Saved entries
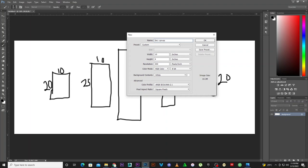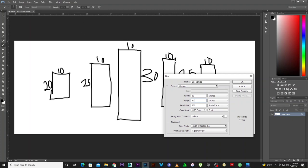So for the five-in-one canvas, I normally make the width 30 — wait, the height is supposed to be 30. The height from top to bottom is 30, and for the width we have 10 plus 10 plus 10 plus 10 plus 10, which equals 50. So we're going to make the width 50.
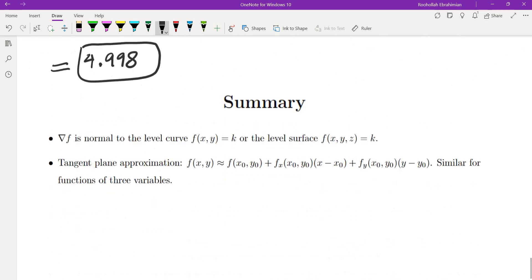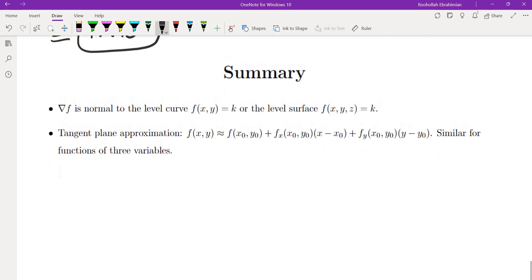To summarize, we know that the normal vector to a level curve or level surface is the gradient, and the tangent plane can be used to approximate a function. I will see you in the next video.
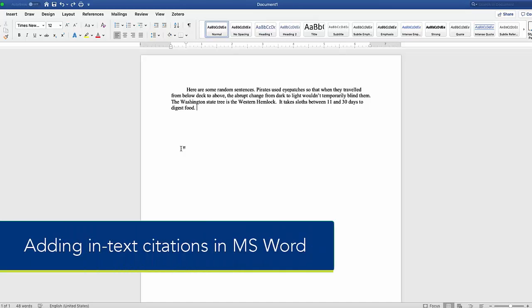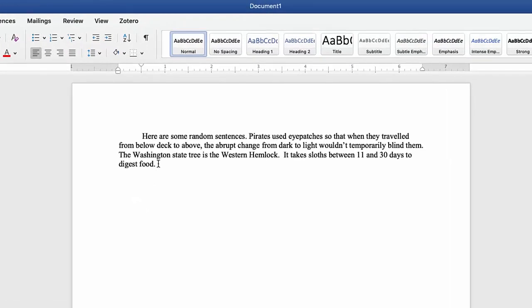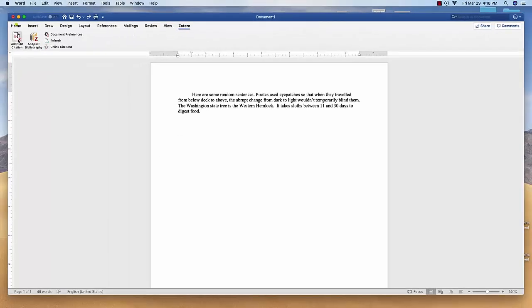Here's how you can insert an in-text citation using Zotero in Microsoft Word. Place your cursor where you'd like your in-text citation to be located. Then select Zotero from the toolbar and choose Add/Edit Citation.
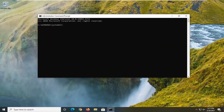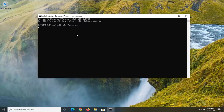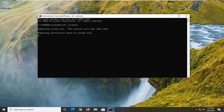Now type in exactly as it appears on screen: SFC followed by a space and then forward slash scannow — 'scannow' should all be one word attached to that forward slash. Hit Enter to begin the system scan. This will take a couple of minutes to run, so please be patient.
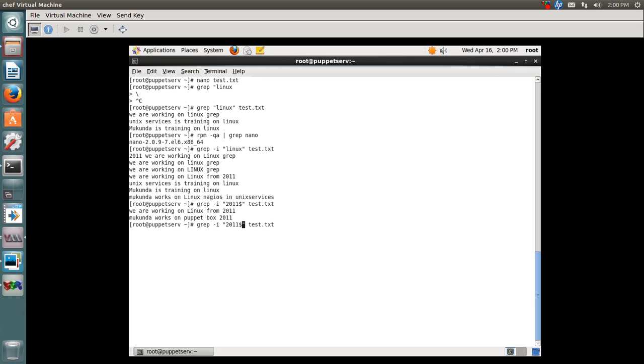What if I want to search for all the lines which start with 2011? I use an anchor or caret symbol to perform the search. I have only one line which matches this search.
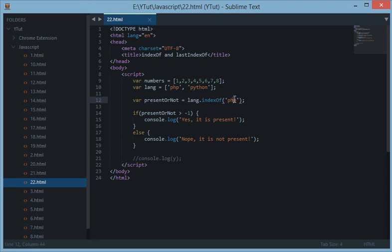So this was all about indexOf and lastIndexOf. They are basically similar, but most of the times programmers use indexOf instead of lastIndexOf. So it's up to you what you want to use. Both will return the same result if the occurrence is only once in the string or an array. So don't forget to subscribe and I'll see you next time.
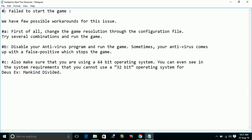Number 3: Make sure that you are using a 64-bit operating system. You can see in the system requirements that you cannot use a 32-bit operating system for Deus Ex: Mankind Divided.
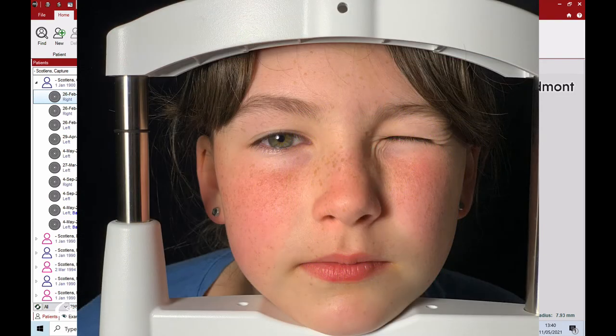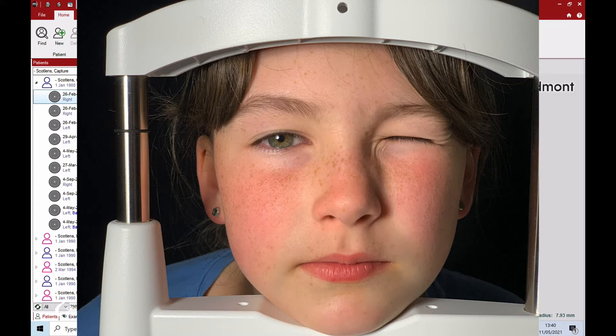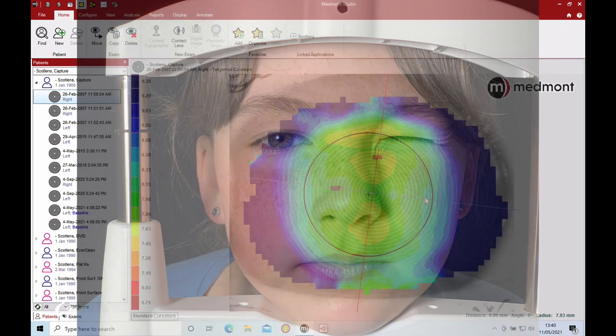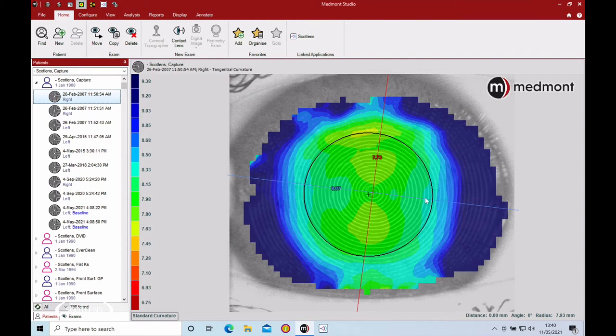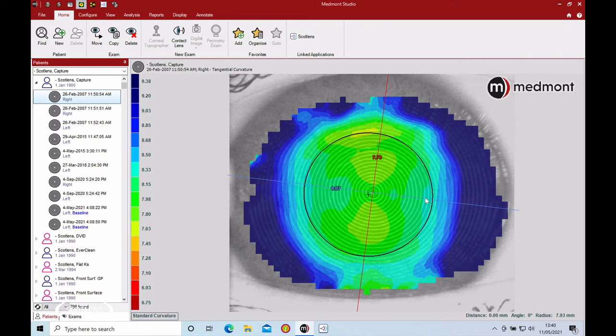Ask them to keep both eyes wide open. If a patient's got one eye shut to try and concentrate, it tends to close the eye that we're trying to capture. So turn your head, both eyes wide open, take a few blinks, and then try and capture the topography.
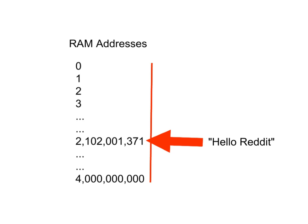So, let's imagine we have the string of text that says Hello Reddit, and our programming language puts it somewhere in memory between 0 and 4 billion. We have no idea where the programming language decided to put our data.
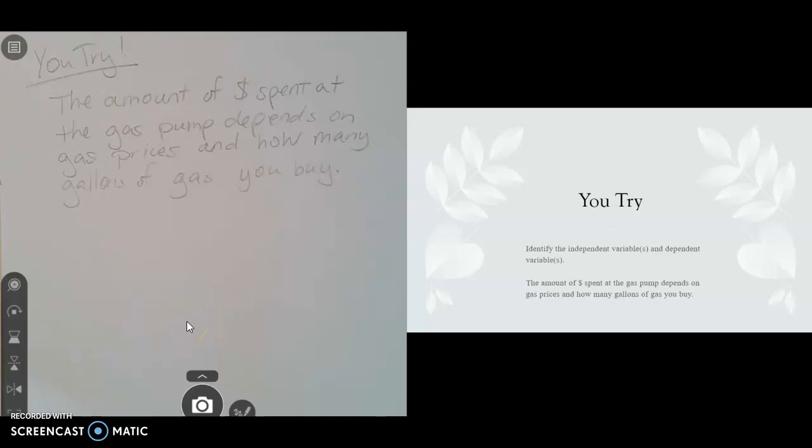Hi, you all just finished a U-try where you got to identify the independent variable or variables and dependent variable or variables.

▸ **Requirement**:
Hand back the data above exactly, with no images.

▸ **Exercise solution**:
So for the five-in-one canvas, I normally make the width 30 — wait, the height is supposed to be 30. The height from top to bottom is 30, and for the width we have 10 plus 10 plus 10 plus 10 plus 10, which equals 50. So we're going to make the width 50.
To summarize, we know that the normal vector to a level curve or level surface is the gradient, and the tangent plane can be used to approximate a function. I will see you in the next video.
Here's how you can insert an in-text citation using Zotero in Microsoft Word. Place your cursor where you'd like your in-text citation to be located. Then select Zotero from the toolbar and choose Add/Edit Citation.
Now type in exactly as it appears on screen: SFC followed by a space and then forward slash scannow — 'scannow' should all be one word attached to that forward slash. Hit Enter to begin the system scan. This will take a couple of minutes to run, so please be patient.
What if I want to search for all the lines which start with 2011? I use an anchor or caret symbol to perform the search. I have only one line which matches this search.
So this was all about indexOf and lastIndexOf. They are basically similar, but most of the times programmers use indexOf instead of lastIndexOf. So it's up to you what you want to use. Both will return the same result if the occurrence is only once in the string or an array. So don't forget to subscribe and I'll see you next time.
Number 3: Make sure that you are using a 64-bit operating system. You can see in the system requirements that you cannot use a 32-bit operating system for Deus Ex: Mankind Divided.
Ask them to keep both eyes wide open. If a patient's got one eye shut to try and concentrate, it tends to close the eye that we're trying to capture. So turn your head, both eyes wide open, take a few blinks, and then try and capture the topography.
So, let's imagine we have the string of text that says Hello Reddit, and our programming language puts it somewhere in memory between 0 and 4 billion. We have no idea where the programming language decided to put our data.
Hi, you all just finished a U-try where you got to identify the independent variable or variables and dependent variable or variables.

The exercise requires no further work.